WHAT NEEDS TO BE DONE: Print every line below exactly. Skip the pictures.
** Opening EXTRACTED MATERIAL block **
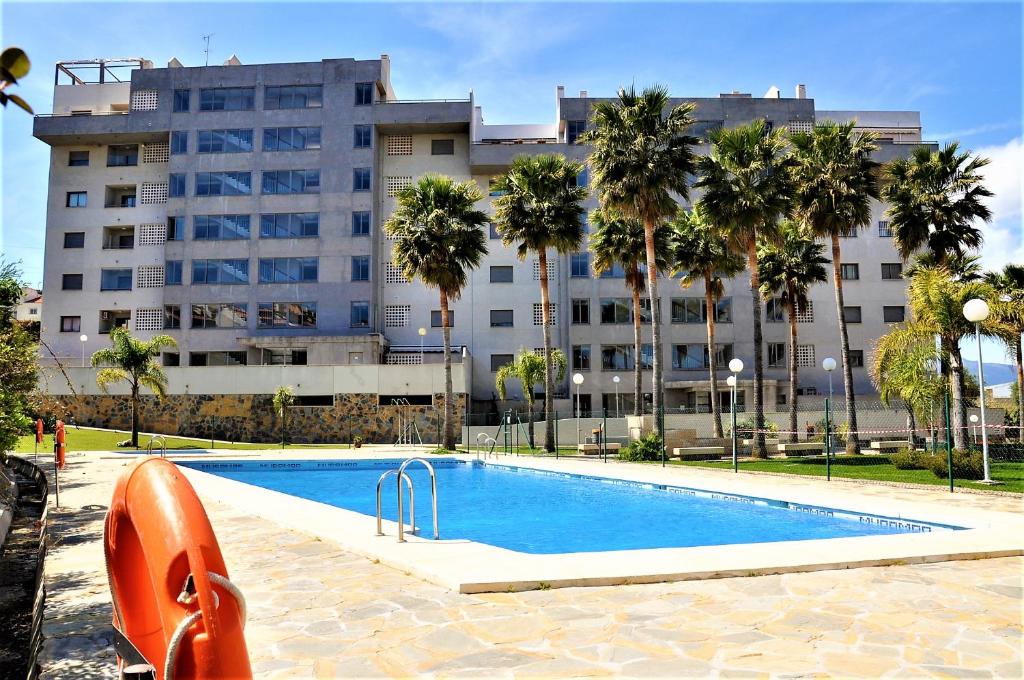 una piscina frente a un gran edificio en Fuengirola - Luxury 3 bedrooms apartment, en Fuengirola
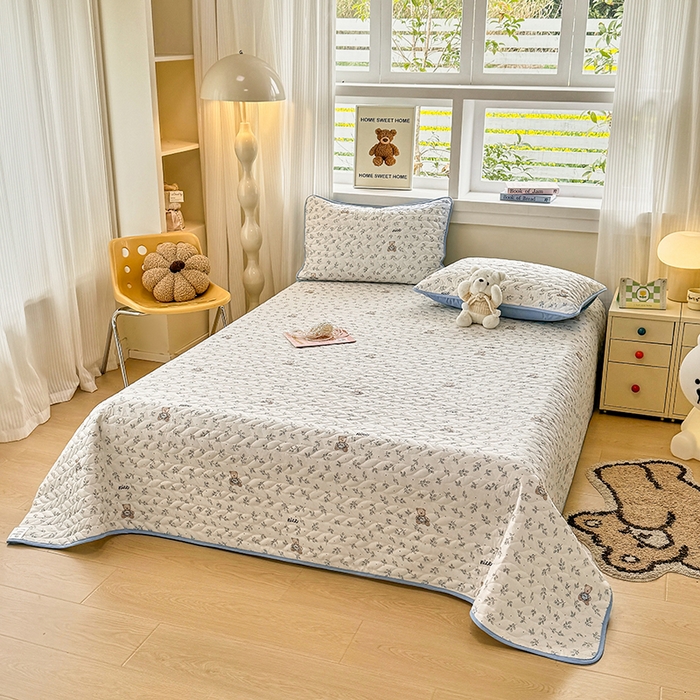 91家纺网 家纺一手货源 找家纺 北辰 2025新款可水洗针织棉印花款夹棉床盖   床盖三件套 小熊山茶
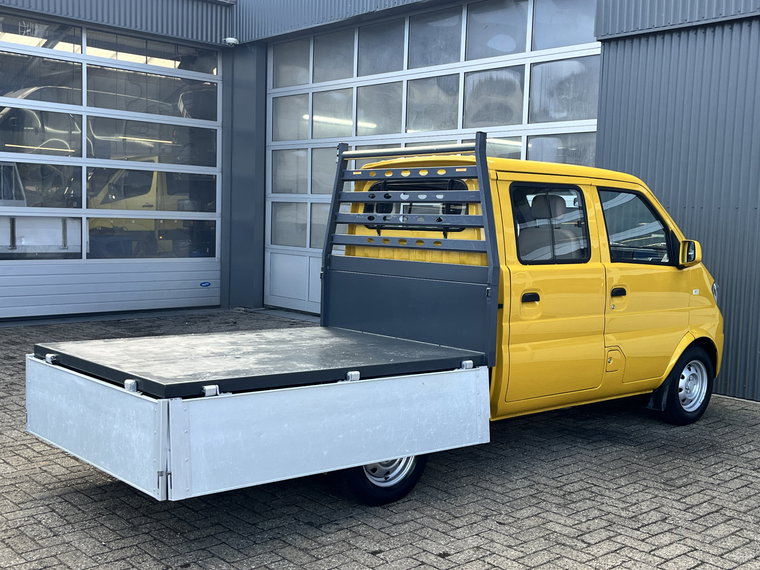 Vehicle Image 17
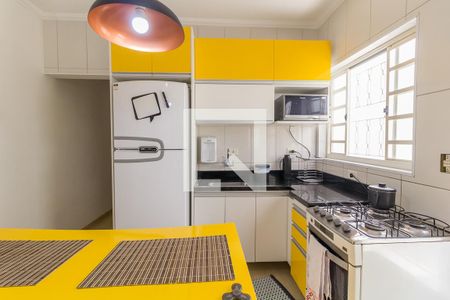 Casa para alugar com 80m², 3 quartos e 4 vagasCozinha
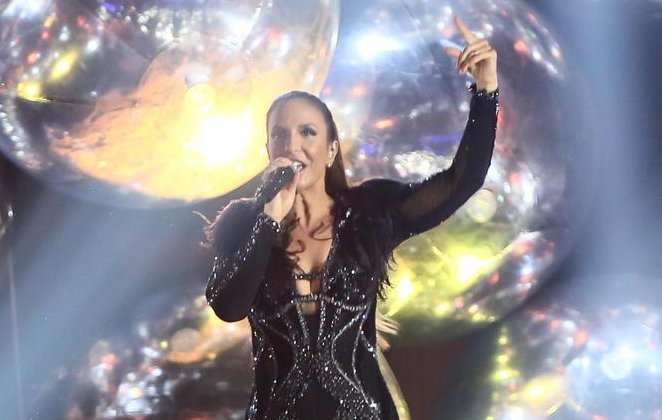 Ivete Sangalo comemora estreia de nova turnê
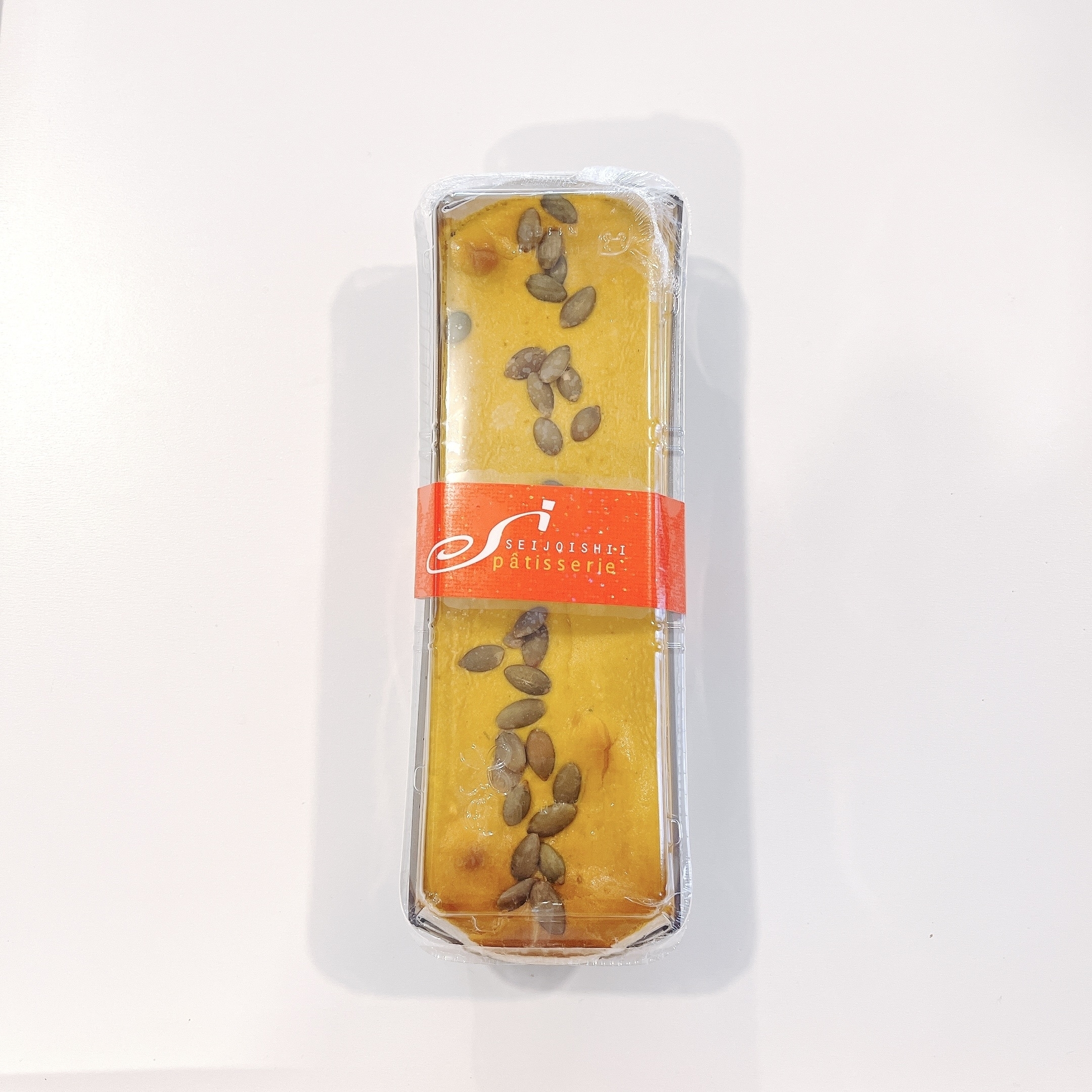 成城石井のオススメのスイーツ「北海道産かぼちゃのブラウニーパンプキンチーズケーキ」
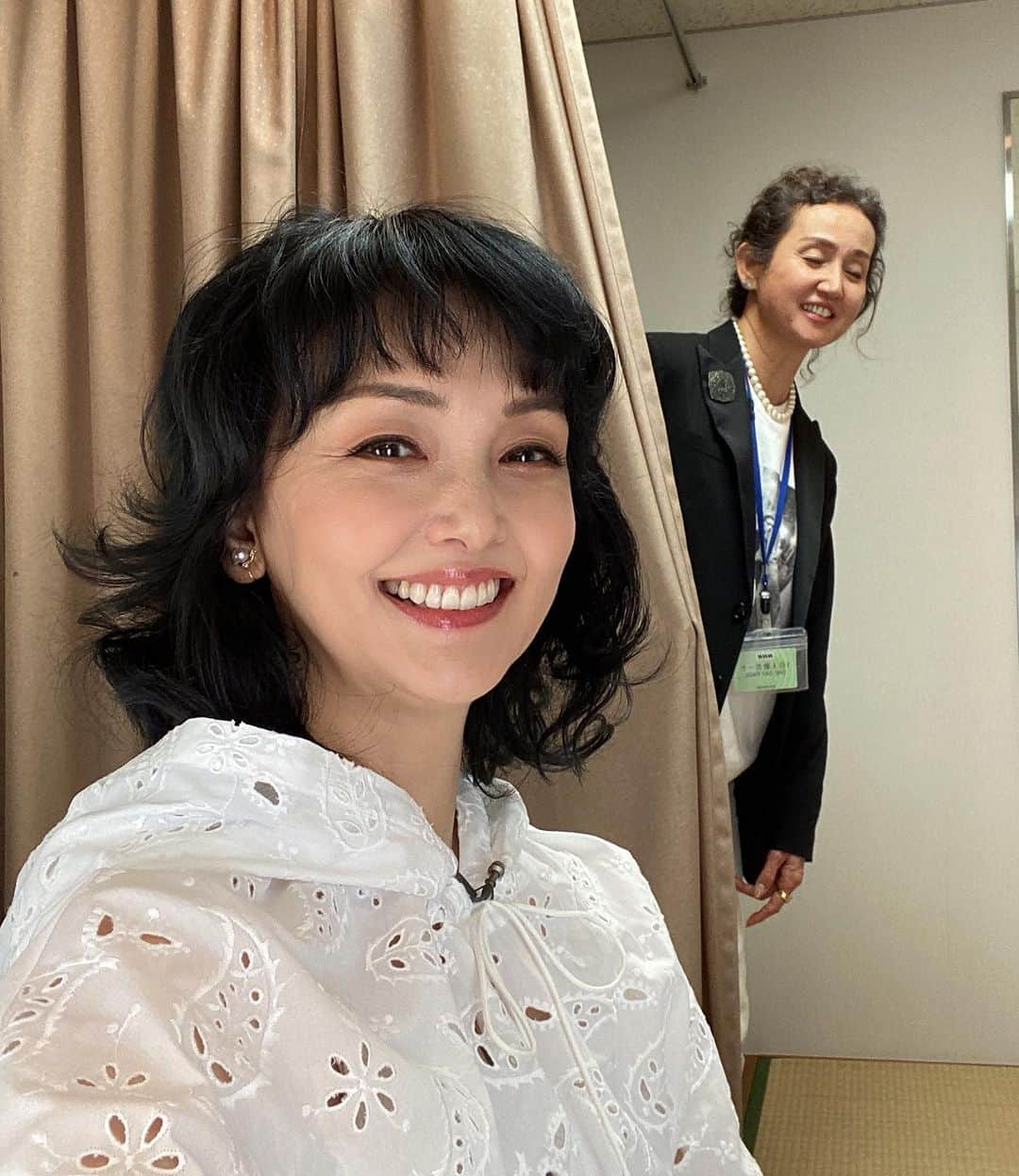 南果歩さんのインスタグラム写真 - (南果歩Instagram)「6月30日 #これだけはわかってる  #東京芸術劇場シアターウエスト 初日です‼️ 劇場でお待ちしています😊  そして19時57分から20時42分 #チコちゃんに叱られる  #nhk 放送です😊😊😊 今回も楽しい収録でした‼️ 是非見てくださいね❤️  明日は大変な日だぞ‼️‼️‼️ いやいや有難い😊 どれもこれも楽しんでこ❤️  生きる気で頑張る😊😊😊 それが南果歩だ🌈  #演劇 #演劇好きな人と繋がりたい  #舞台 #舞台好きな人と繋がりたい  #初日  #チコちゃん  #岡村隆史 さん #木村祐一 さん #野々村真 さん #塚原愛アナ   #南果歩 #kahominami #미나미카호 #japaneseactor 　 @fabianafilippi 素敵な衣装❤️ #ninariccijewelry  スタイリング @kuniko_sakamoto  メイク  #寺沢ルミ ちゃん いつもありがとう❤️❤️❤️」6月29日 22時44分 - kaho_minami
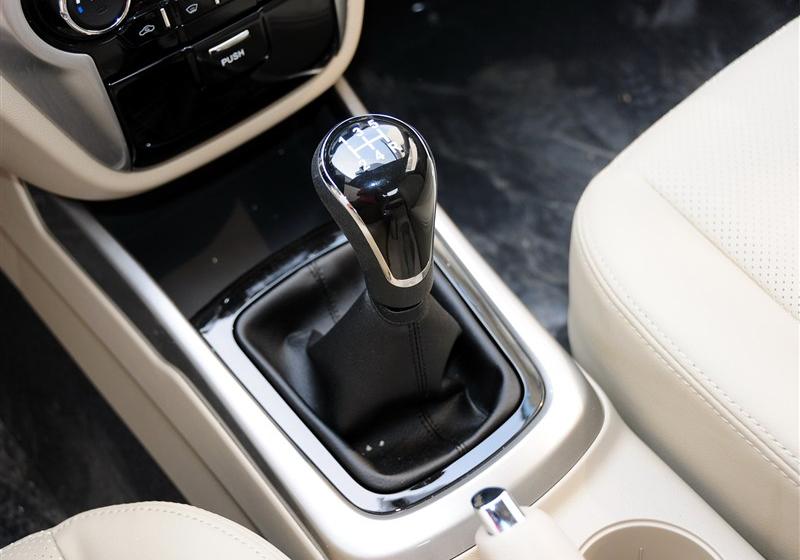 2013�� 1.6L �ֶ������� ��V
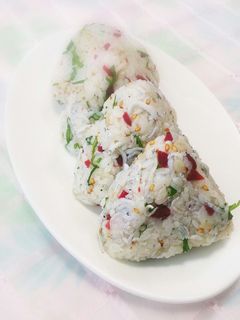 カリカリ梅としらす大葉のおにぎり-レシピのメイン写真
** Closing EXTRACTED MATERIAL block **
TASK OUTPUT:
 una piscina frente a un gran edificio en Fuengirola - Luxury 3 bedrooms apartment, en Fuengirola
 91家纺网 家纺一手货源 找家纺 北辰 2025新款可水洗针织棉印花款夹棉床盖   床盖三件套 小熊山茶
 Vehicle Image 17
 Casa para alugar com 80m², 3 quartos e 4 vagasCozinha
 Ivete Sangalo comemora estreia de nova turnê
 成城石井のオススメのスイーツ「北海道産かぼちゃのブラウニーパンプキンチーズケーキ」
 南果歩さんのインスタグラム写真 - (南果歩Instagram)「6月30日 #これだけはわかってる  #東京芸術劇場シアターウエスト 初日です‼️ 劇場でお待ちしています😊  そして19時57分から20時42分 #チコちゃんに叱られる  #nhk 放送です😊😊😊 今回も楽しい収録でした‼️ 是非見てくださいね❤️  明日は大変な日だぞ‼️‼️‼️ いやいや有難い😊 どれもこれも楽しんでこ❤️  生きる気で頑張る😊😊😊 それが南果歩だ🌈  #演劇 #演劇好きな人と繋がりたい  #舞台 #舞台好きな人と繋がりたい  #初日  #チコちゃん  #岡村隆史 さん #木村祐一 さん #野々村真 さん #塚原愛アナ   #南果歩 #kahominami #미나미카호 #japaneseactor 　 @fabianafilippi 素敵な衣装❤️ #ninariccijewelry  スタイリング @kuniko_sakamoto  メイク  #寺沢ルミ ちゃん いつもありがとう❤️❤️❤️」6月29日 22時44分 - kaho_minami
 2013�� 1.6L �ֶ������� ��V
 カリカリ梅としらす大葉のおにぎり-レシピのメイン写真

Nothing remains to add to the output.